* _EXTRACTED RECORDS_:
☆ ☆ ☆ ☆ ☆ ☆ ☆
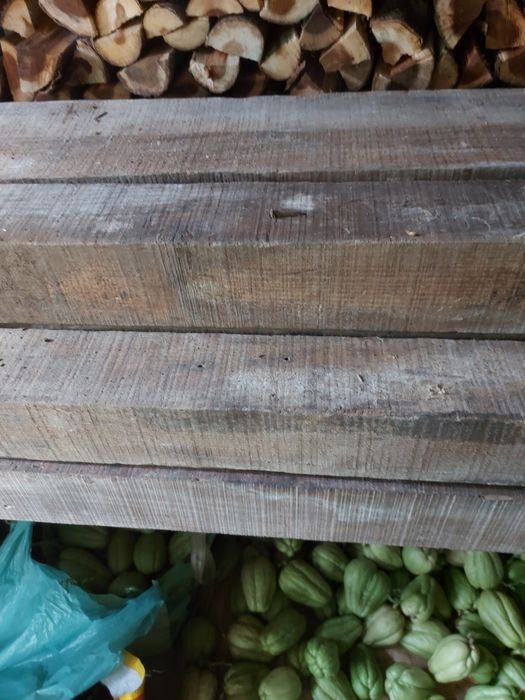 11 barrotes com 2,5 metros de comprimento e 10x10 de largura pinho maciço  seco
☆ ☆ ☆ ☆ ☆ ☆ ☆
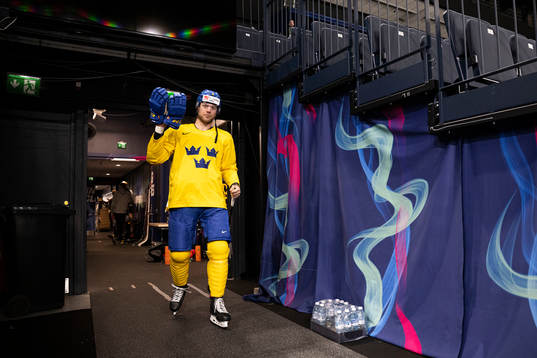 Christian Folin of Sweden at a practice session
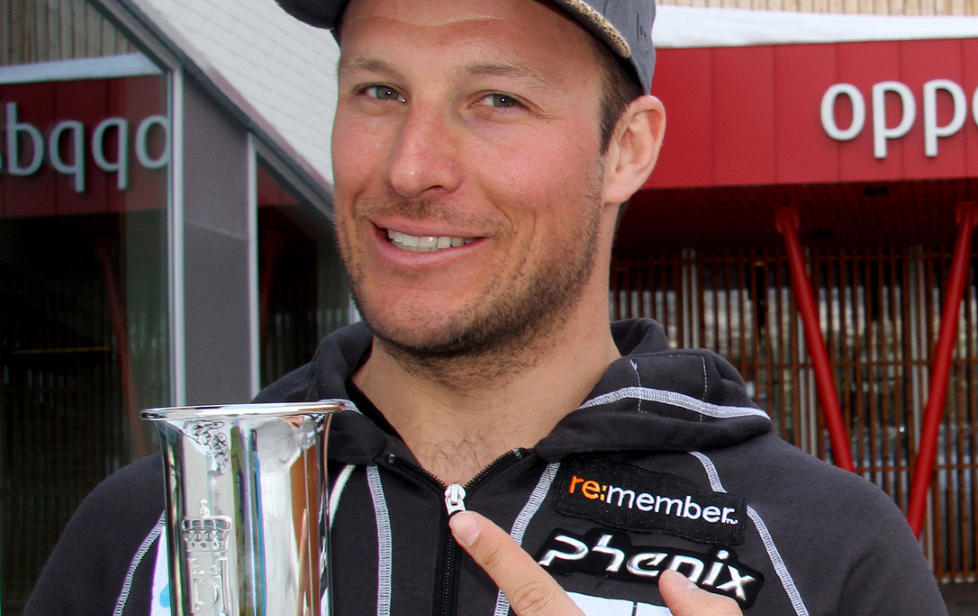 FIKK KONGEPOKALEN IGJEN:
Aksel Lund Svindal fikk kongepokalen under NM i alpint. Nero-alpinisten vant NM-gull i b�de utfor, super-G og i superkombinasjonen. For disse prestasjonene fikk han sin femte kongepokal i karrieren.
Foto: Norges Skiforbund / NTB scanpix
☆ ☆ ☆ ☆ ☆ ☆ ☆
* _TASK DETAILS_: Output should match, line for line, the stretch of the material above from the line holding "Aksel Lund Svindal" through the line holding "Foto: Norges Skiforbund / NTB scanpix".

* _TASK OUTPUT_:
Aksel Lund Svindal fikk kongepokalen under NM i alpint. Nero-alpinisten vant NM-gull i b�de utfor, super-G og i superkombinasjonen. For disse prestasjonene fikk han sin femte kongepokal i karrieren.
Foto: Norges Skiforbund / NTB scanpix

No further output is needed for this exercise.